Cayman may require a social housing policy to address the provision of accommodation for people who cannot afford to pay for their own homes, Kurt Tibbetts, the minister in charge of housing told legislators last week.
The issue was highlighted last month when it was revealed that families in West Bay’s Apple Blossom housing development feared they would be left homeless because their sub-standard homes are due to be demolished but they cannot afford to buy or rent homes elsewhere.
Mr. Tibbetts said that the buildings at Apple Blossom had been condemned and would be demolished and that government would have to make a policy decision on the issue, adding “we are going to be faced with a situation that we will have to be looking at some type of social program with regards to living quarters for some individuals.”
He continued: “We recognize that we can’t have these people out of these homes with nowhere to go so that is the challenge that government has to face.
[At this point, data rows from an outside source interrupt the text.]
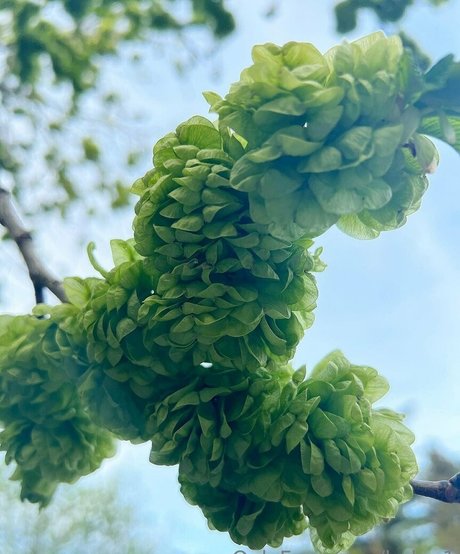 helga1 schöne perfekte galerie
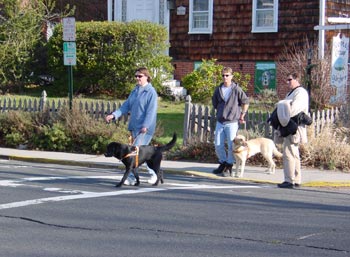 Students crossing a Port Jefferson street.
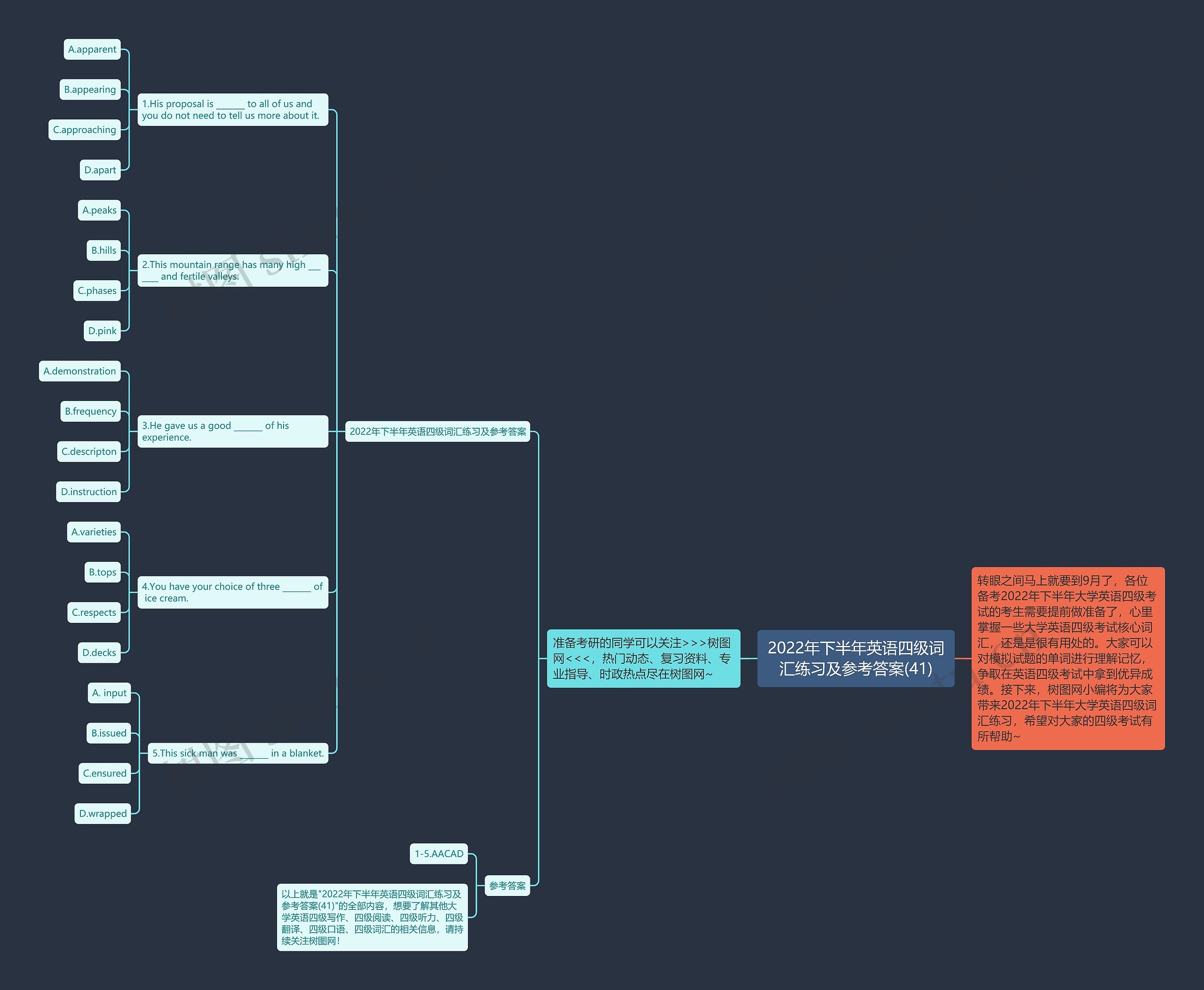 2022年下半年英语四级词汇练习及参考答案(41)思维导图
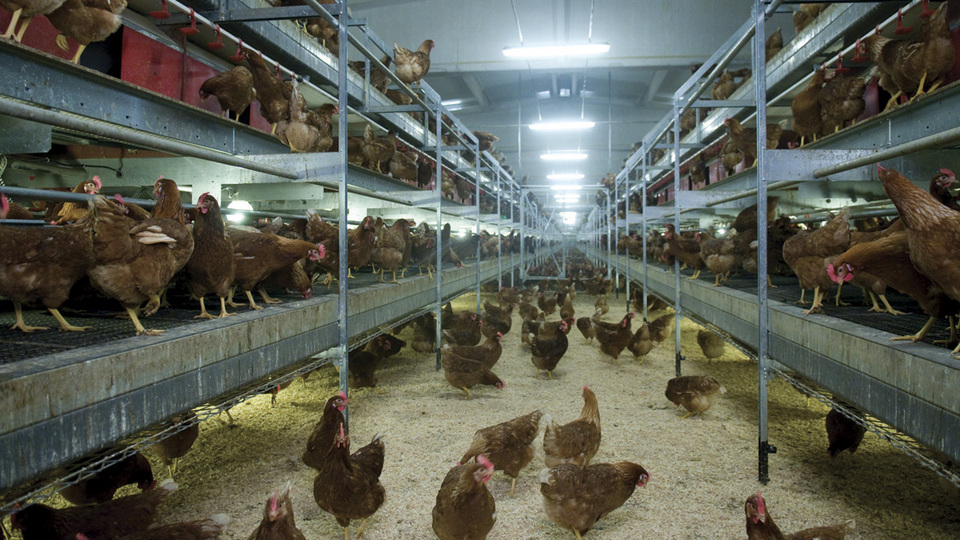 Gıda devinin konkordato sürecinde yeni gelişme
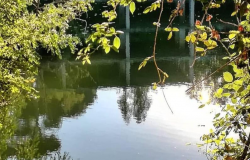 Ok Regione Lazio, Roma natura acquista un altro gioiello: il monumento naturale lago ex Snia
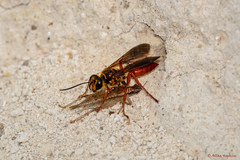 Sphex jamaicensis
And it will not end just right there because there are other circumstances which are similar.
“We just may not be able to deal with it all at one time and we may have to phase it over a few years, but at least we started on it.”
Speaking at a finance committee meeting at the Legislative Assembly last week, the minister said houses being built under the auspices of the National Housing Development Trust would be constructed to a much higher standard than those at Apple Blossom.
He said there would be no repeat of the Apple Blossom situation where affordable homes were so badly built, they had to be demolished without government making any money back on that investment.
“Those homes had some difficulty for several years … the biggest issue is one of safety because the buildings are in poor condition and have been condemned. Unfortunately, some of the people who live in those homes have been there for quite some time,” said Mr. Tibbetts.
He said an assessment of those residents’ needs was being carried out and he gave assurances to residents of Apple Blossom that they would not be displaced until somewhere else was found for them to go.
East End MLA Arden McLean questioned how many of the condemned homes in the Apple Blossom development were still standing. Mr. Tibbetts responded: “32 homes are left standing which were all deemed unfit.”
There has been a variety of arrangements for residents of National Housing Development Trust housing over the years, including outright purchase of homes, rental and a lease-to-own setup, which is further complicating the housing issue, Mr. Tibbetts said.
“If the program had been done right from the beginning the way we would have liked to do it, certainly we would be in a different position now,” he said.
The minister acknowledged that there had been few financial returns for government on earlier affordable housing initiatives. “The first part of the pool is gone, dead and nothing to show for it,” said Mr. Tibbetts.
However, government would see some returns from affordable homes projects in Bodden Town, he said, adding that ultimately they would yield more than $7 million.
The minister also said that he hoped that affordable housing could be made available in all districts of the Cayman Islands, pointing out that future affordable housing would need to include multi-family dwellings.
At the meeting, legislators voted to grant a budget of $2.4 million to the National Housing Development Trust for the 2014/2015 financial year.